The article, which aims to introduce the current monographic issue, explores the reception of the mythical figure of Prometheus from an intermedial perspective. By retracing recent methodological developments in intermedial studies and emphasizing their growing significance, the contribution highlights the prolific reception of Prometheus across different media, including literature, theatre, cinema, video games, and contemporary memes, all of which contribute to significant transformations of the myth. Instability, a defining characteristic of the myth’s reception, in the case of Prometheus is also linked to the absence of a single authoritative source text. The Titan’s multiplicity thus makes him an emblematic figure for analysing the complex mechanisms of intermedial reception.

Una didascalia in sovraimpressione nella sequenza iniziale di Oppenheimer informa lo spettatore, eventualmente ignaro di trovarsi di fronte all’ennesima metamorfosi del mito, che «Prometheus stole fire from the gods and gave it to man. For this he was chained to a rock and tortured for eternity». Il riferimento al Titano, già presente nel titolo della biografia scritta da Kai Bird e Martin J. Sherwin sulla quale è basata la sceneggiatura del film di Christopher Nolan (American Prometheus. The Triumph and Tragedy of J. Robert Oppenheimer, 2005), rientra in una casistica verso la quale già Schelling attirava l’attenzione: «La mitologia è essenzialmente qualcosa che si muove».[1] Immunizzato dalla catastrofe del nazismo nei confronti delle ipostatizzazioni del mito, Hans Blumenberg avrebbe neutralizzato il «mito della mitologia» risolvendo quest’ultima nella storia dei suoi effetti: «L’originario rimane un’ipotesi, l’unica base per verificare la quale è la ricezione»;[2] assunto in seguito echeggiato dalla mitocritica più avvertita, che muove dall’ipotesi «d’un sens non inhérent au(x) mythe(s), mais généré en perpétuelle réinvention à partir de la situation du sujet énonciateur».[3]

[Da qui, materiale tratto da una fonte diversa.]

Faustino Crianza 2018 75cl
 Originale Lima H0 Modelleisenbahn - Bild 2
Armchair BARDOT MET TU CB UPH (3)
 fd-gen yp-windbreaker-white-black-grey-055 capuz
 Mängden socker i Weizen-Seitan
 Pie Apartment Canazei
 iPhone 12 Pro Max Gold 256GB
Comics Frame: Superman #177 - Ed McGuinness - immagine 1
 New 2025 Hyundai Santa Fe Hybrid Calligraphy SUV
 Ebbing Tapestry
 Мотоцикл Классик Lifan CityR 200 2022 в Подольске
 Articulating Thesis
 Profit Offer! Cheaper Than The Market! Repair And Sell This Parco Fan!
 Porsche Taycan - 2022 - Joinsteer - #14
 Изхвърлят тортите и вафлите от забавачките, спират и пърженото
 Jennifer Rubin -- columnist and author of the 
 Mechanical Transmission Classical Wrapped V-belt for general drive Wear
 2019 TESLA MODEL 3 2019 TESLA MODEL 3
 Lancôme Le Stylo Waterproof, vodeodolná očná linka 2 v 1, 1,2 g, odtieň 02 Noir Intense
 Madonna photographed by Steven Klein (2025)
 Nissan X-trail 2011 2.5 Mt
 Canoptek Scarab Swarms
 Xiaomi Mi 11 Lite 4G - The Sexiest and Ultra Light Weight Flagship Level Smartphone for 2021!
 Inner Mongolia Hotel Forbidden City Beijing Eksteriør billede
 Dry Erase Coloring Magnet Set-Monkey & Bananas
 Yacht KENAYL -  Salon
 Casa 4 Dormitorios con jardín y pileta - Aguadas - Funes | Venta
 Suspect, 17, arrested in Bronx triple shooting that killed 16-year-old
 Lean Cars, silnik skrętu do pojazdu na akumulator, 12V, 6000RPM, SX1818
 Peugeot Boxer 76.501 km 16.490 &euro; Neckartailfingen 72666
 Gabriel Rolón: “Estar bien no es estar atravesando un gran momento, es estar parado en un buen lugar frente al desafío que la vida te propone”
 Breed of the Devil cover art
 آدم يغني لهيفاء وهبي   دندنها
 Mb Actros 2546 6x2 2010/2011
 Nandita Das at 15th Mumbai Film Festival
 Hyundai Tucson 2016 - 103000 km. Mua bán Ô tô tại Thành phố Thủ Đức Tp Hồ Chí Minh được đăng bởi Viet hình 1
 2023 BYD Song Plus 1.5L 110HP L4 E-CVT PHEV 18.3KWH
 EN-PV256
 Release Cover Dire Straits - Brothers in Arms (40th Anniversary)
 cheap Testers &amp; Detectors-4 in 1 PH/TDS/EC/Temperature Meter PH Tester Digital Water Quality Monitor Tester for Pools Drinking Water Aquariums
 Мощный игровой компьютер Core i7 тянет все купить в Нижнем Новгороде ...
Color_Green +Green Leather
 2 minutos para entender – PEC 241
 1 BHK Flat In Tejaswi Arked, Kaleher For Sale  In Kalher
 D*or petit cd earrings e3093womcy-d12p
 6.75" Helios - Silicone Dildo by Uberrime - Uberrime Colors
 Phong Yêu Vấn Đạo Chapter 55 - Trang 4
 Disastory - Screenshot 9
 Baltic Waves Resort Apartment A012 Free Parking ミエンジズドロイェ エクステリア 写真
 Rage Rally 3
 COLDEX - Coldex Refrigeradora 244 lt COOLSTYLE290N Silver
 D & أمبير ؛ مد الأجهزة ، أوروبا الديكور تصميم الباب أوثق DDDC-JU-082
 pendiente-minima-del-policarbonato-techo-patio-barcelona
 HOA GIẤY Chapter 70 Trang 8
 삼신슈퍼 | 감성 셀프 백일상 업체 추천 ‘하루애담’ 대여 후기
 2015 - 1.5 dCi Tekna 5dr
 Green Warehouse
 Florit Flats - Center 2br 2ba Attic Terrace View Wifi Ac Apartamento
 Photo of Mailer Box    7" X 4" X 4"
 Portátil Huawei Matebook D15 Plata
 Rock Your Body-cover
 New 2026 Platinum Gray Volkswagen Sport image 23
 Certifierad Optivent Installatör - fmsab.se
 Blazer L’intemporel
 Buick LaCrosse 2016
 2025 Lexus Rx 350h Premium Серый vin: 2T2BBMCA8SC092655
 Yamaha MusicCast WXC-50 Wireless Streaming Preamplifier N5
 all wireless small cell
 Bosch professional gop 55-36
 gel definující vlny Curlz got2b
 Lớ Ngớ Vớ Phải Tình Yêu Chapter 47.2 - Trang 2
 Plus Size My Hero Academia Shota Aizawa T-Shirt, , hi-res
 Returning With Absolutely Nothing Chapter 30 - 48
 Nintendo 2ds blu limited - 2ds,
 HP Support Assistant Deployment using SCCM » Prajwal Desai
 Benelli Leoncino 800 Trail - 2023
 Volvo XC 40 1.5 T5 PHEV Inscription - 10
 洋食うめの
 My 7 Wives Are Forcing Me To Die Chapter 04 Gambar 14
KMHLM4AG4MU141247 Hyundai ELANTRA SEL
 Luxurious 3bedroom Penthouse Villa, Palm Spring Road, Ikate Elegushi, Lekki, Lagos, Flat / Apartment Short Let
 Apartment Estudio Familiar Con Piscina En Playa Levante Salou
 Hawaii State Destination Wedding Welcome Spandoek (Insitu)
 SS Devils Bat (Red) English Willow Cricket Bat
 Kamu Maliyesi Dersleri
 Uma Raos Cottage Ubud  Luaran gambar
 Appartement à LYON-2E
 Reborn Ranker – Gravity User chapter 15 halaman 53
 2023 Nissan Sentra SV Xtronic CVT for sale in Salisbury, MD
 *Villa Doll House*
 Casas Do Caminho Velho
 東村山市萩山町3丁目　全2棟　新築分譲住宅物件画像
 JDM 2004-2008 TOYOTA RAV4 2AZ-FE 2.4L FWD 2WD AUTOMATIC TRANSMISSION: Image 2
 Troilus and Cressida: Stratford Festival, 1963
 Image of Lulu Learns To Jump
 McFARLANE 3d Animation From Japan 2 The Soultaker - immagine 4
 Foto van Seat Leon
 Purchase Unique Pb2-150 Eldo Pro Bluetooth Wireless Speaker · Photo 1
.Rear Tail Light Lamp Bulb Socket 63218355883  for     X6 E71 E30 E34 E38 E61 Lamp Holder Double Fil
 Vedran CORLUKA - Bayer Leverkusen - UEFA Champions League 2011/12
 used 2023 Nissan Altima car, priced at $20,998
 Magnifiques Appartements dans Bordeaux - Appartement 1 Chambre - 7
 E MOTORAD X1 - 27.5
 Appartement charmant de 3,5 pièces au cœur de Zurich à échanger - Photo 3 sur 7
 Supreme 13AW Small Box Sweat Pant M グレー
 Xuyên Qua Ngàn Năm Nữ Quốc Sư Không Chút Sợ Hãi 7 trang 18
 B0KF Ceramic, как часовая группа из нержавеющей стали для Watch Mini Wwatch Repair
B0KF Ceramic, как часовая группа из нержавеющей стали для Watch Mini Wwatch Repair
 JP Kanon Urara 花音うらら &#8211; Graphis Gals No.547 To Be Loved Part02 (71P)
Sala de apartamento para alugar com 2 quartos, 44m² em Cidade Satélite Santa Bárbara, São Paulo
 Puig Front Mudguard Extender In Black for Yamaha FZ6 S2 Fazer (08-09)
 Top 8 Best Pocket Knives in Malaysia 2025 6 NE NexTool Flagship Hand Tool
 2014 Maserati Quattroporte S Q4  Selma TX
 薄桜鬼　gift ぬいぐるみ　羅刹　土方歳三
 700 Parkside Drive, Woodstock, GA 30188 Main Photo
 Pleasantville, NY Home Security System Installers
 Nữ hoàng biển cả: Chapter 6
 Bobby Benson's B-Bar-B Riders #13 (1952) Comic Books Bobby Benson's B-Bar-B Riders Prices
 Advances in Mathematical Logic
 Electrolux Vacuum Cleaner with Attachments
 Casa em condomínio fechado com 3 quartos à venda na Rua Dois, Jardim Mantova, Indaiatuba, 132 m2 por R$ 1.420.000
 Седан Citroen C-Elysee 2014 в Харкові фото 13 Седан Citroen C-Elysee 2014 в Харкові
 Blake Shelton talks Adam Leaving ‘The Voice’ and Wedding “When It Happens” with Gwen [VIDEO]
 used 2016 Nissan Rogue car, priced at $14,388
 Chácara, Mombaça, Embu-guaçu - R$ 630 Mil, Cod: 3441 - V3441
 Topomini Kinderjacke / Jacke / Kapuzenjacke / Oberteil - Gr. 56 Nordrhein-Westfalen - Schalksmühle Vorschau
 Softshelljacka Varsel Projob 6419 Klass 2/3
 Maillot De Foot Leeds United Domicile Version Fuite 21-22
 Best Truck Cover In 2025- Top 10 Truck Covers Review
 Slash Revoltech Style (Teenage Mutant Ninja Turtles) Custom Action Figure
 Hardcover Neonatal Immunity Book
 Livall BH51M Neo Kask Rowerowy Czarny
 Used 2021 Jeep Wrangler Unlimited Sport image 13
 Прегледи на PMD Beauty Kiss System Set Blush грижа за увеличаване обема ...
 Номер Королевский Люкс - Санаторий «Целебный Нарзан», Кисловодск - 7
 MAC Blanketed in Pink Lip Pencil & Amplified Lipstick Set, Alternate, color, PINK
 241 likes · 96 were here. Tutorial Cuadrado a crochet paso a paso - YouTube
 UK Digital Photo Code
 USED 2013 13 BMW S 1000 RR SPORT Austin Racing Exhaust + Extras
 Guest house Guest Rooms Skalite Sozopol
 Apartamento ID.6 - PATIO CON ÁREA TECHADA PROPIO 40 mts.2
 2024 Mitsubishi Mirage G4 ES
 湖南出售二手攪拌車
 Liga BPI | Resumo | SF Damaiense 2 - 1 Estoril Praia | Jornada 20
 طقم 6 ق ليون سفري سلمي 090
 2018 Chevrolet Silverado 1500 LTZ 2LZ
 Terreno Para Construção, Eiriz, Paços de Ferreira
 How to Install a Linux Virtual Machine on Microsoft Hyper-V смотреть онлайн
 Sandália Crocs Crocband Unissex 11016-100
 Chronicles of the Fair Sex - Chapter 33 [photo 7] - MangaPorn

Se la «mobilità diacronica e diatopica»[4] del mito in generale è ormai un dato acquisito, non lo è altrettanto, o non a sufficienza, la dimensione mediale di tale mobilità. Come ha osservato una studiosa particolarmente sensibile alla questione, «le jeu des prismes interprétatifs est parfois d’une complexité qui repose bien plus que de l’intertextualité littéraire».[5] Ovviamente non godono più di credito semplificazioni come quella che relegava il mito alla sfera dell’oralità, attribuendo alla scrittura un’implacabile funzione demitizzante; per quanto, naturalmente, si continui ad attribuire un ruolo fondamentale all’oralità nei circuiti intermediali dell’antico.[6] È però un dato di fatto che l’attenzione all’intermedialità del mito stenta ancora ad affermarsi, per quanto da questo studio potrebbero trarre beneficio non solo le ricerche sulla tradizione del classico (alle quali aggiunge alcune tessere il contributo di Guido Milanese presente in questo fascicolo), ma anche gli stessi studi di intermedialità, troppo spesso appiattiti su un ‘presentismo’ dimentico del radicamento e della profondità storica delle questioni.